Love and Truth Make the Difference — Especially Now

Posted by Kenny Vaughan on 17th May 2020

Excerpts from “The Right Fight: How to Live a Loving Life” by John Kennedy Vaughan

“Being truthful means more than just telling the truth as we see it. It means having the courage to look for the real truth.

“Love doesn’t just respond to what people do. Love seeks to understand the thought behind the action because that’s where the truth is hidden. Fear will speak its mind without regard for the truth, or how the words wound, or how they might be received; and without asking the question of why someone does what they do. But the why often reveals the truth. Love always seeks the truth. When we know the truth, we can speak the truth in love—not angrily or hurtfully but in a manner that will most likely be meaningfully received by the one who needs to hear it.
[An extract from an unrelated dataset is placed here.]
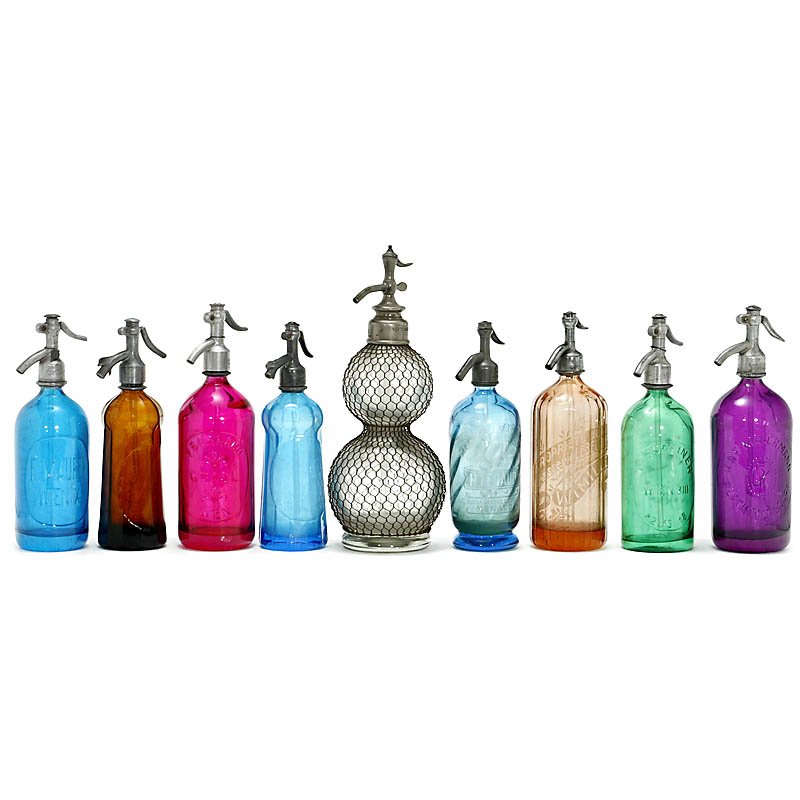 9 Old Soda Syphons, from 1920: 9 Old Soda Syphons, from 1920 Syphons from Germany, Austria and France, 8 x 1 liter and 1 x 2 liters. 9 alte Sodaflaschen, ab 1920 Siphons aus Deutschland, Österreich und Frankreich, 8 x 1 Liter und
“And many times, in searching for the real truth, we find we are the ones that need to change. My first thought every time I get hurt is that the person who hurt me doesn’t care about me or, worse, wanted to hurt me. Most of the time, neither of these is true. Most of the time, when we get hurt, people had no intention to hurt us and hoped we would not get hurt. Most of the time, they are fighting their own fears and distracted from the truth of the consequences of their actions. Sometimes they have considered them and truly don’t care or are rejoicing in evil and did want to hurt us.

“The most powerful part about asking why someone did what they did before we respond is that it helps us find the truth, whatever it is. But when we ask others about their motivations, we must be sure we seek the truth in love. If we ask for answers out of anger, pride, or any of the things fear is, most people will simply respond to protect themselves and the truth they don’t want to share.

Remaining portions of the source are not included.